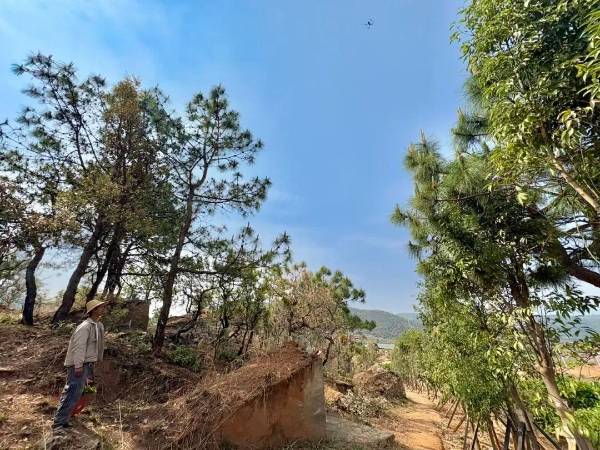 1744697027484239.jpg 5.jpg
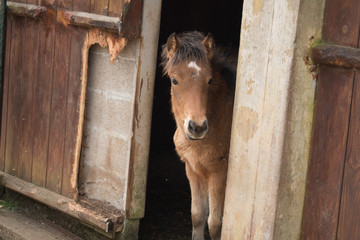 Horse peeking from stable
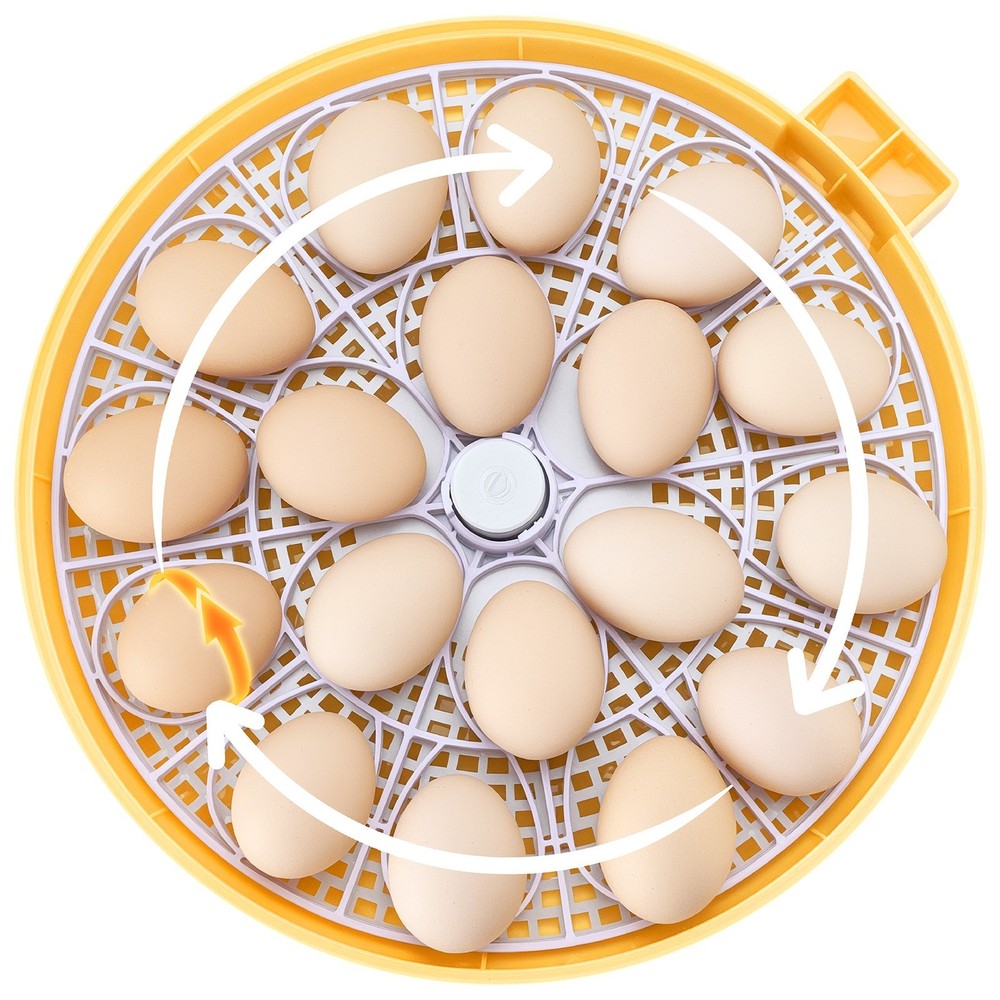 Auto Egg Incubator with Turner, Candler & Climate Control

...

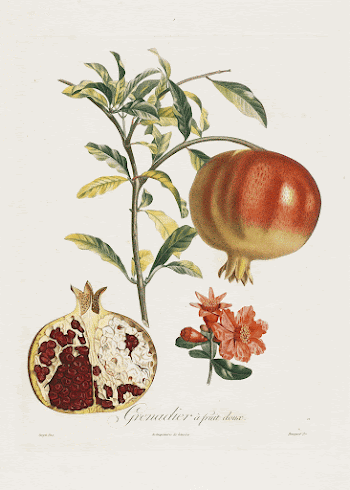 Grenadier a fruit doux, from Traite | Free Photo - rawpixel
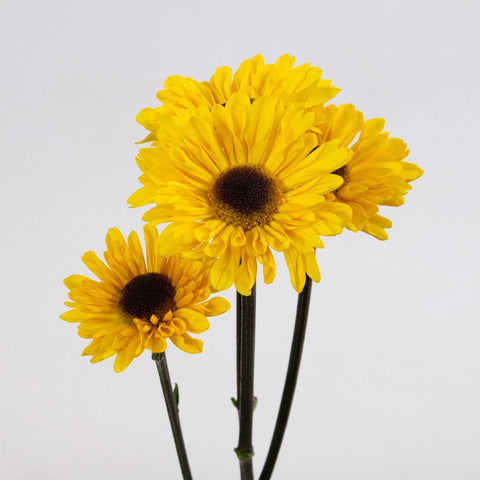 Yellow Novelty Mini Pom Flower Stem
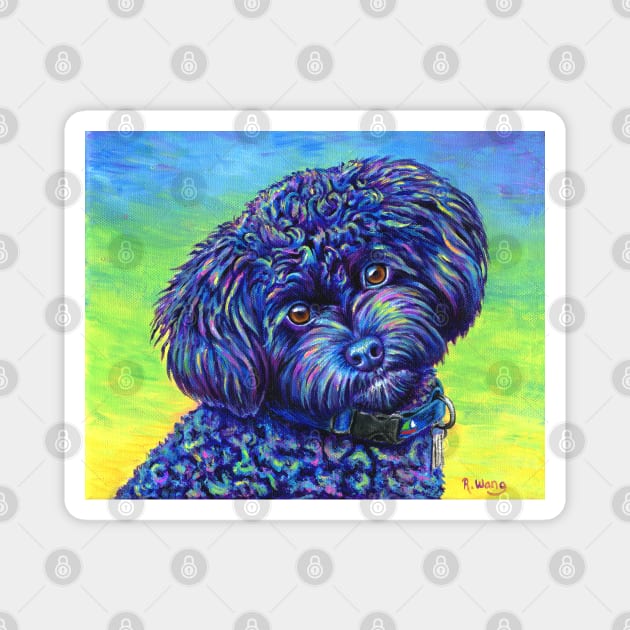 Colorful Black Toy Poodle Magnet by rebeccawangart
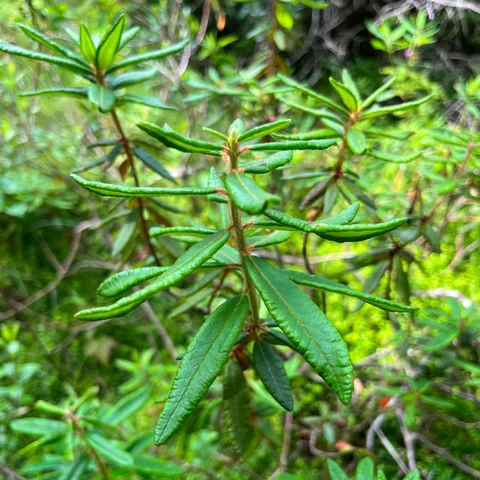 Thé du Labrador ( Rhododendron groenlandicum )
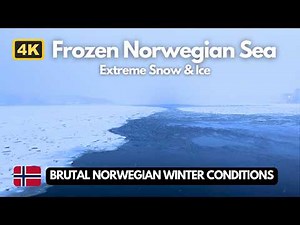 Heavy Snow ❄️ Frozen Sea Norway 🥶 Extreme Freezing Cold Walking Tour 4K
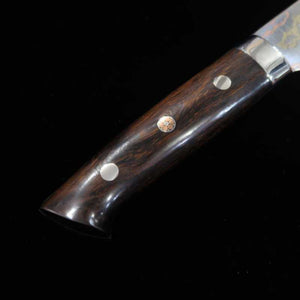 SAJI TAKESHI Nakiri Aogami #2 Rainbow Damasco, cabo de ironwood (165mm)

--

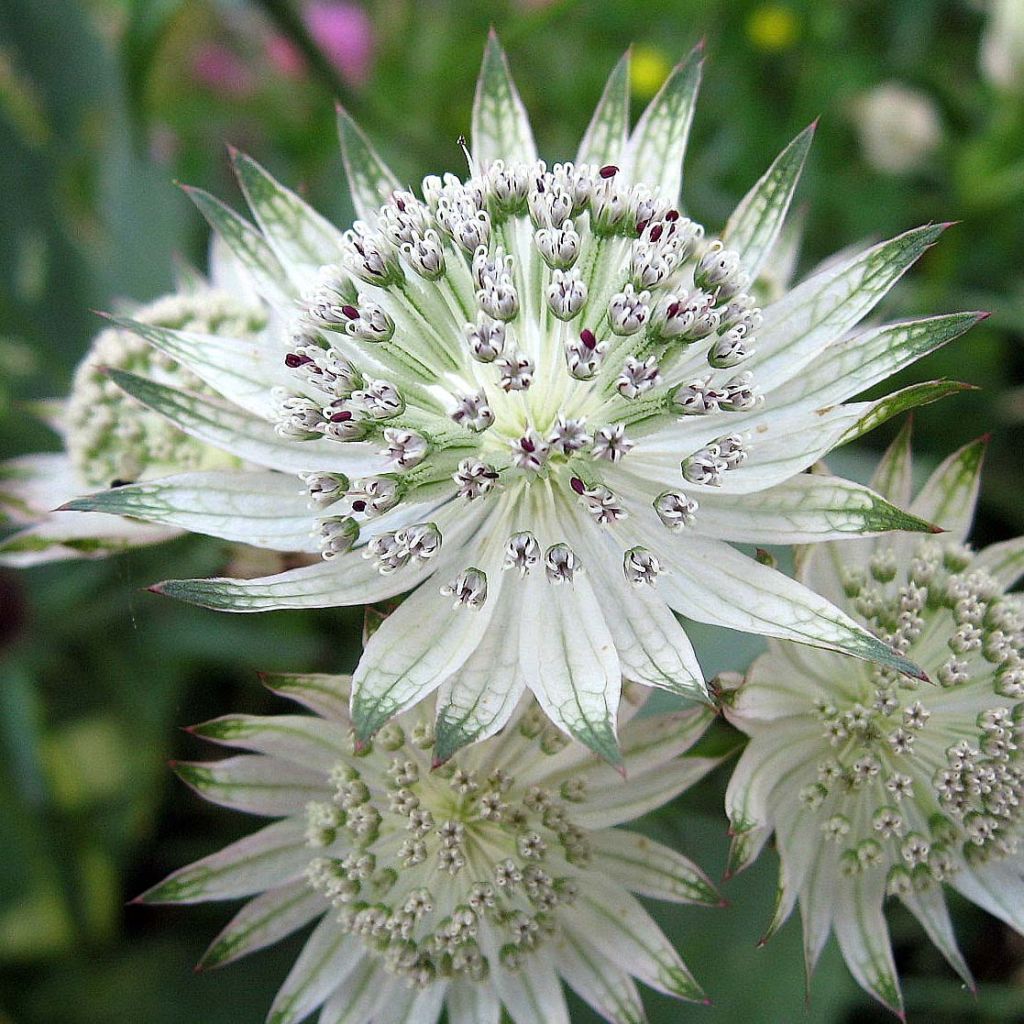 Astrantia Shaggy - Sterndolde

**Task brief**
Using the records above, repeat exactly the run of lines that starts with the line with "Thé du Labrador" and goes on through the line with "SAJI TAKESHI Nakiri"; omit each picture.

**Response to the exercise**
 Thé du Labrador ( Rhododendron groenlandicum )
 Heavy Snow ❄️ Frozen Sea Norway 🥶 Extreme Freezing Cold Walking Tour 4K
 SAJI TAKESHI Nakiri Aogami #2 Rainbow Damasco, cabo de ironwood (165mm)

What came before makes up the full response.